La nomination par le Premier ministre d’un haut responsable à l’intelligence économique ne peut être qu’une étape. C’est une réponse administrative à une question qui relève d’abord d’une analyse et d’une impulsion politiques.

En 1993, quand le sénateur Jean Arthuis met en évidence les risques de délocalisations liés à la mondialisation, il ne recueille que les commentaires condescendants des « experts » administratifs, qui se terrent désormais, inertes.

Ainsi, les représentants des grands corps de l’Etat qui avaient construit la France des « Trente Glorieuses » ne font au mieux que gérer les entreprises de leurs aînés, sans rien créer de nouveau.

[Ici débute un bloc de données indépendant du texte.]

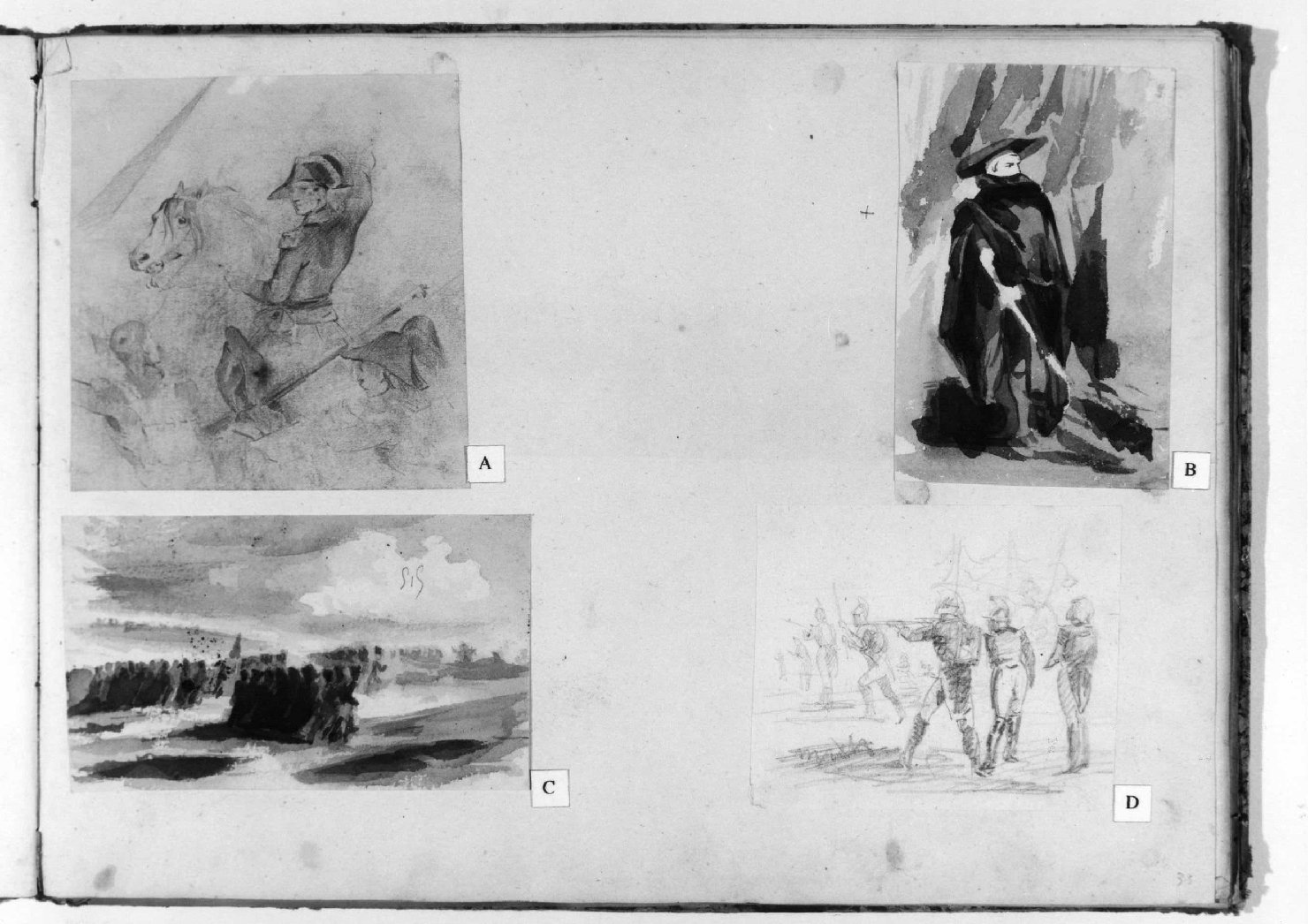 ufficiale napoleonico a cavallo (disegno, serie) di Recchia Angelo (metà sec. XIX)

Cette défection montre qu’il est nécessaire d’inventer de nouveaux modes de collaboration public-privé au service de l’intérêt général, tels que la mission confiée par le chef de l’Etat à Jean-Louis Beffa sur les grands projets industriels. Voilà une nouvelle occasion d’associer les réflexions des administrations, des entrepreneurs, des partenaires sociaux et des élus.

Le moment venu, il appartiendra au Président de la République de faire également évoluer une organisation gouvernementale et administrative datée et de mettre en place une véritable politique d’intelligence économique, comme l’ont fait toutes les grandes puissances.

C’est à cette condition que nous consoliderons le développement économique des entreprises, et donc la cohésion sociale de notre pays, la construction d’une Europe-puissance, que nous ferons prévaloir aussi dans les relations commerciales la force du droit contre le droit de la force. Il est temps de construire la paix économique entre les nations.